- Date: 17–23 February
- Edition: 4th
- Surface: Hard (indoor)
- Location: Koblenz, Germany

Champions

Singles
- Tomáš Macháč

Doubles
- Sander Arends / David Pel
| Koblenz Open |

= 2020 Koblenz Open =

The 2020 Koblenz Open was a professional tennis tournament played on indoor hard courts. It was the fourth edition of the tournament which was part of the 2020 ATP Challenger Tour. It took place in Koblenz, Germany from 17 to 23 February 2020.
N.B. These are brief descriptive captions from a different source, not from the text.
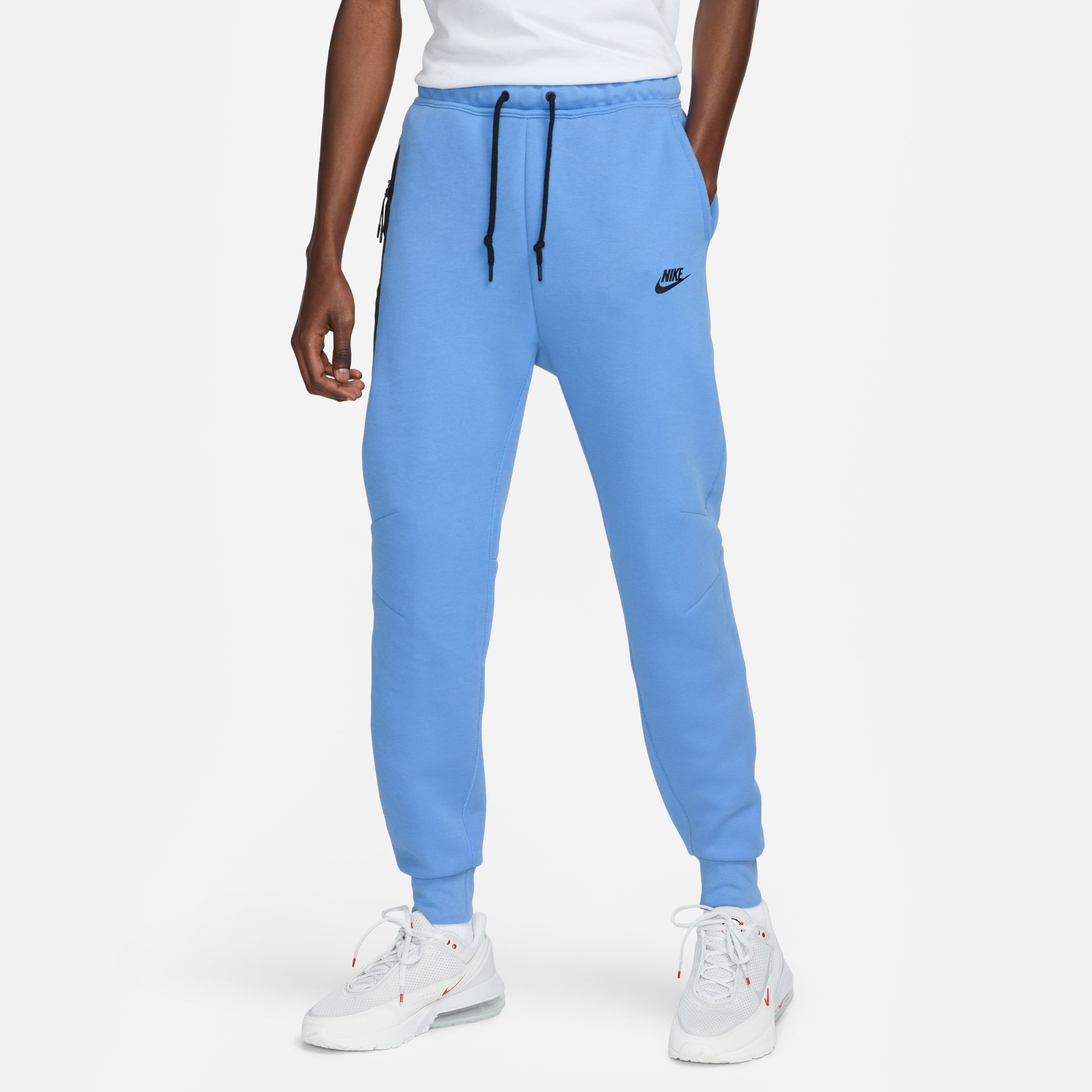 Men s Nike Tech Feece Jogger Lapis Blue FB8002 450 Sam Tabak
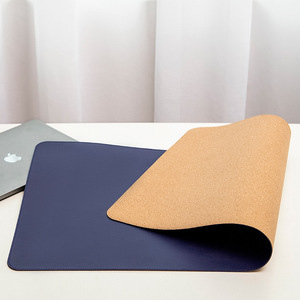 OEM Large Mouse Pad <strong>Laptop</strong> Desk Pad Cork Desk Mat - Product Image 3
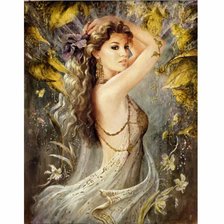 Схема вышивки «В лучах солнца»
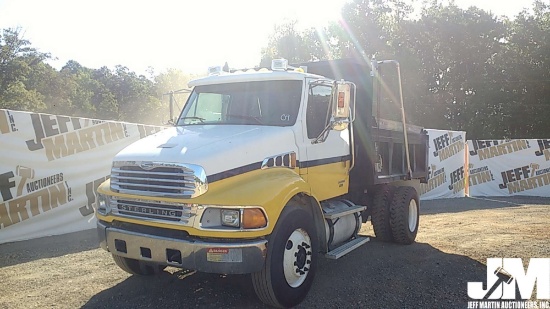 2009 STERLING ACTERRA SINGLE AXLE DUMP TRUCK VIN: 2FZACFDJK9AAG4387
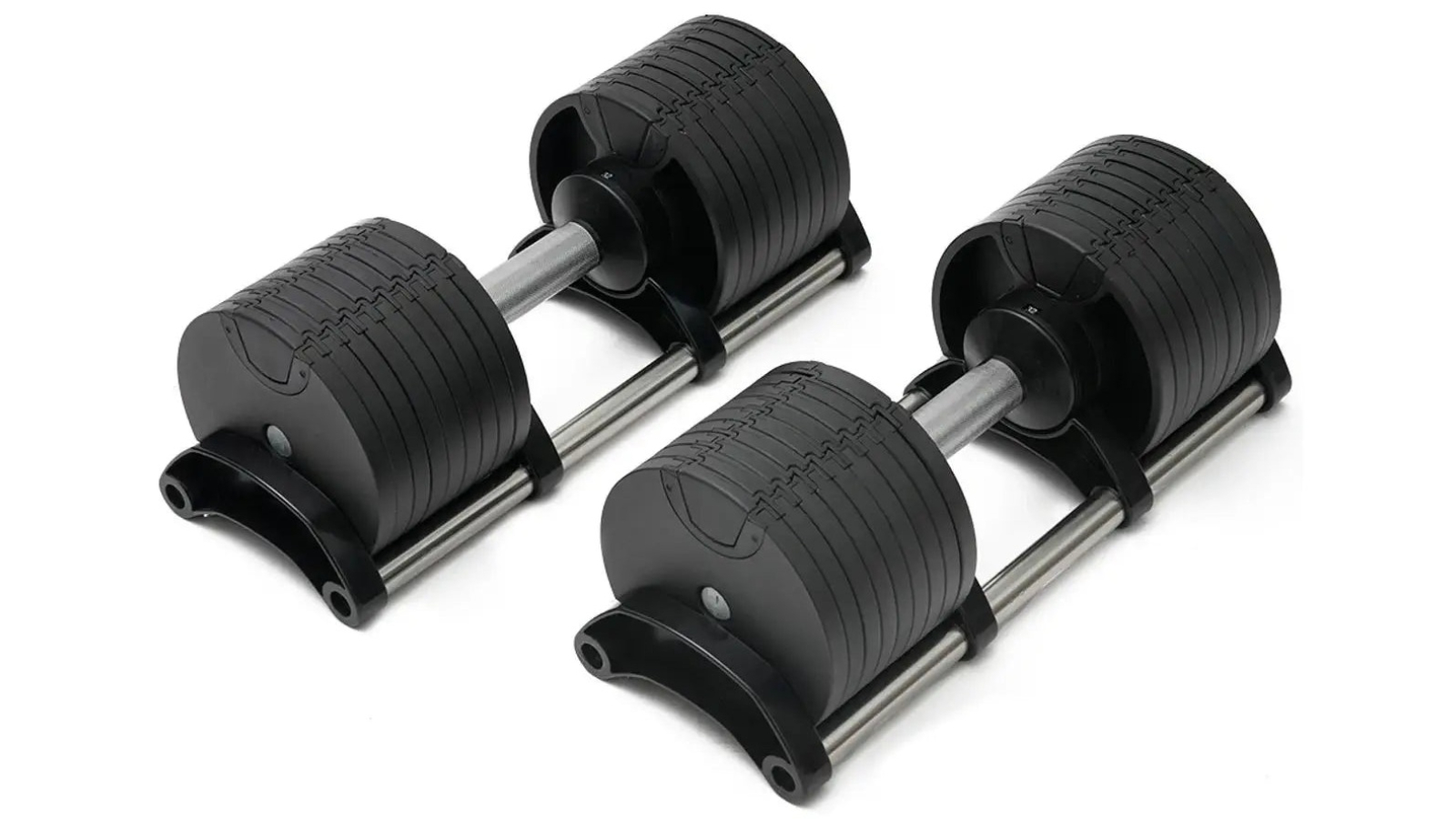 Fitness Hero Pair Reload Pro Quick Change Adjustable Dumbbells - 20kg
==Singles main-draw entrants==

===Seeds===

| Country | Player | Rank^{1} | Seed |
|---|---|---|---|
| GER | Yannick Maden | 143 | 1 |
| GER | Yannick Hanfmann | 151 | 2 |
| NED | Tallon Griekspoor | 172 | 3 |
| GER | Oscar Otte | 177 | 4 |
| FRA | Maxime Janvier | 179 | 5 |
| NED | Botic van de Zandschulp | 201 | 6 |
| FRA | Quentin Halys | 203 | 7 |
| GER | Mats Moraing | 225 | 8 |
| GER | Julian Lenz | 241 | 9 |
| GER | Dustin Brown | 242 | 10 |
| ESP | Nicola Kuhn | 246 | 11 |
| BEL | Ruben Bemelmans | 251 | 12 |
| GER | Daniel Masur | 253 | 13 |
| RUS | Teymuraz Gabashvili | 270 | 14 |
| AUT | Lucas Miedler | 277 | 15 |
| RUS | Pavel Kotov | 282 | 16 |

- ^{1} Rankings are as of 10 February 2020.

===Other entrants===
The following players received wildcards into the singles main draw:
- GER Nino Ehrenschneider
- CZE Marek Gengel
- GER Milan Welte
- GER Louis Wessels
- GER Leopold Zima

The following players received entry from the qualifying draw:
- GER Lucas Gerch
- IND Sasikumar Mukund

The following player received entry as a lucky loser:
- TUR Ergi Kırkın

==Champions==

===Singles===

- CZE Tomáš Macháč def. NED Botic van de Zandschulp 6–3, 4–6, 6–3.

===Doubles===

- NED Sander Arends / NED David Pel def. GER Julian Lenz / GER Yannick Maden 7–6^{(7–4)}, 7–6^{(7–3)}.